宝島社 『このミステリーがすごい!』 大賞

大賞賞金1,200万円 文庫グランプリ賞金200万円!

第25回『このミス』大賞 1次通過作品 紺碧のレクイエム

水族館のサメが吐き出した人間の腕
いつどこで、サメはこの腕を捕食したのか
若き刑事がメディアの圧力に抵抗しながら真相を追う

『紺碧のレクイエム』高沢渉

 水族館のサメの水槽から人間の腕が見つかった。イタチザメが捕獲される前に海で捕食していたものを、水槽内で吐き出したと判明。腕は死後に噛み切られたらしく、もとの持ち主の死因の捜査が始まった。ところが遺体がテレビ制作会社のADだとわかってから、捜査はテレビ局の鉄のカーテンによって阻まれた……。
 完成度が高く、文章や構成力、情景・心理描写の技術はプロ並み。読んでいる間のストレスのなさと安定感は一頭地を抜いていた。腕が発見されるプロローグの臨場感から、若き刑事視点の語りに移行するときの上手さ、自分語りにも捜査説明にも偏らない場面配分のバランス、大勢出てくるのにちゃんと個性が書き分けられる登場人物など、小説技法はかなり高い。死体が事故か自殺か他殺か、他殺だとすればどうやって遺体を黒潮に流したのかという謎を、読者が混乱しないようちゃんと順番に追いかけていく構成にも好感を持った。やる気がないと思われていた上司が実はちゃんと裏で動いてくれていたというラストも、ベタではあるが感動的。
 ただ、注文がないわけではない。
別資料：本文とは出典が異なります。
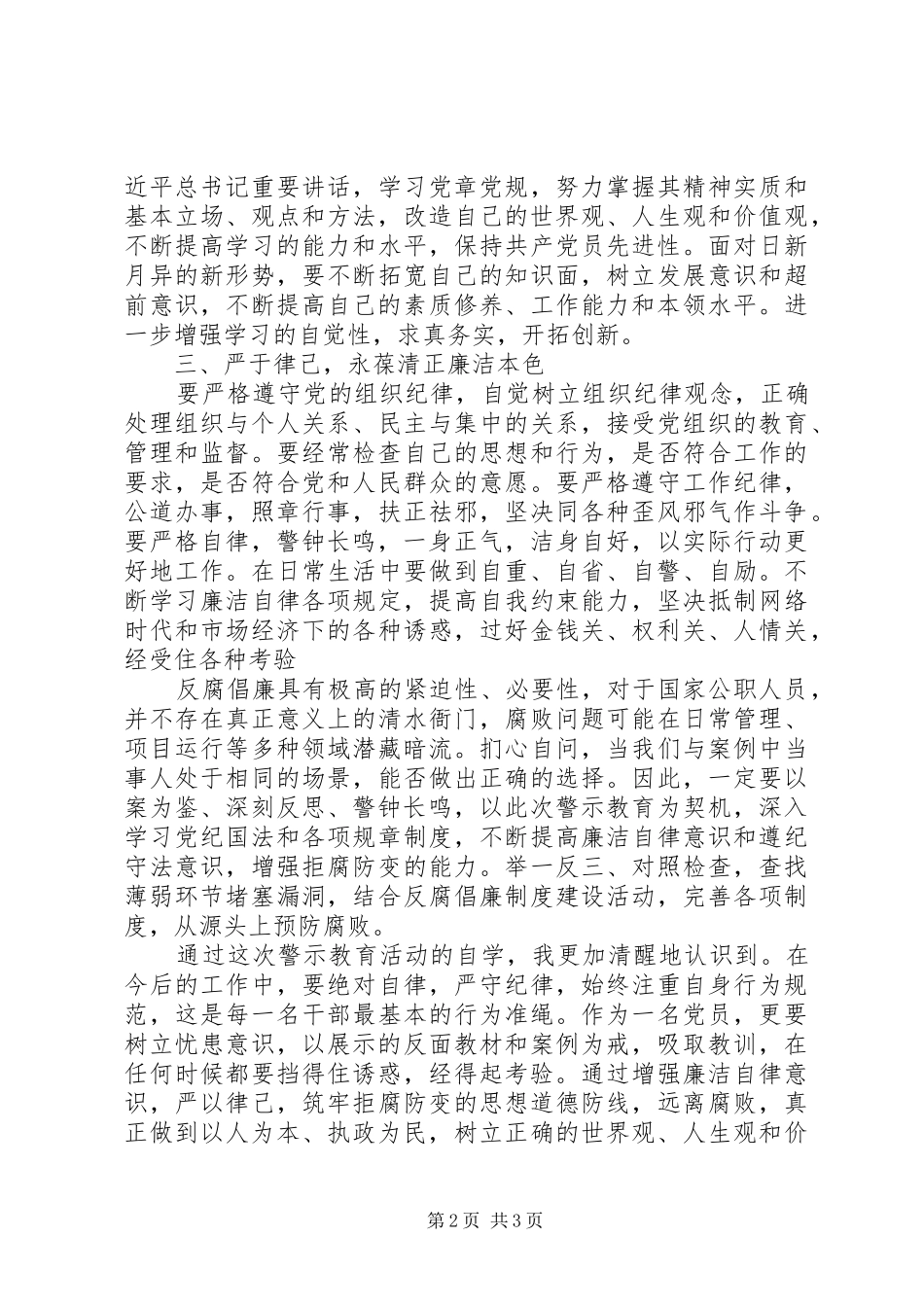 党员干部学习反面典型典型案例心得体会+发言_第2页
ひとつは、最初から犯人は限定されていて、殺害方法も順を追って解明されるため、真相に対する意外性が薄いこと。読みどころは主人公の成長と上司・部下の関係の対比にあるので謎解きはシンプルにしたのかもしれないが、これでミステリ的意外性を演出する一押しがあれば文句なし。もうひとつは、せっかくのテーマの「イマドキ」の演出が弱いこと。ソリの合わない上司との付き合いやテレビ局の性上納システムなど、現代の社会問題にも通じるような部分をもっと前面に出してもよかった。武器になるような個性を磨いて、「上手い」の先を目指してほしい。